-- Opening Marker --

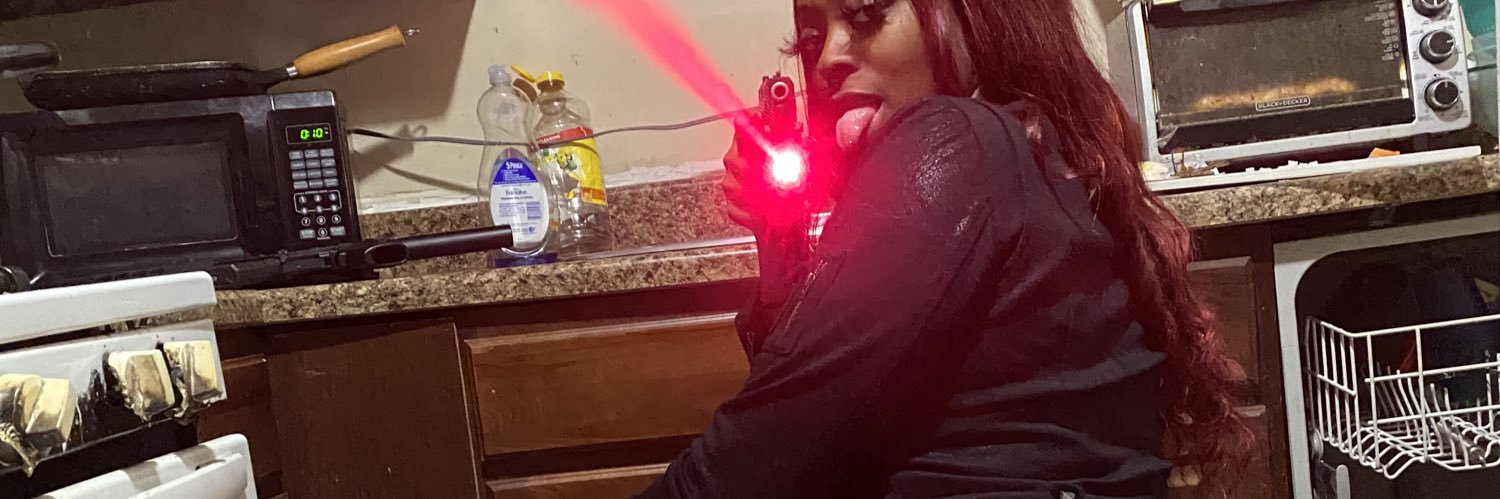 iamrichhdee's profile banner image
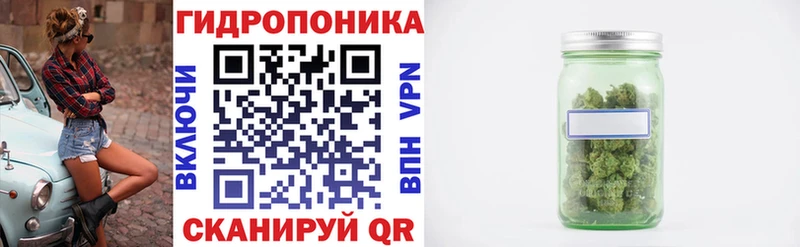 Шишки марихуана THC 21%  закладки  Любим 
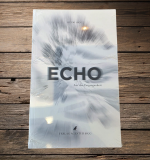 "Echo"-Buch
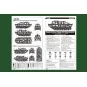 German Land-Wasser-Schlepper (LWS)Medium production, 1/72 - Hobby B...
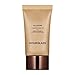 Hourglass Illusion Hyaluronic Skin Tint Golden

-- Closing Marker --

Exercise - All that is wanted is the lines from the one holding "Шишки марихуана THC" through the end of the material, duplicated exactly, with no pictures.

Solution for this problem -
 Шишки марихуана THC 21%  закладки  Любим 
 "Echo"-Buch
 German Land-Wasser-Schlepper (LWS)Medium production, 1/72 - Hobby B...
 Hourglass Illusion Hyaluronic Skin Tint Golden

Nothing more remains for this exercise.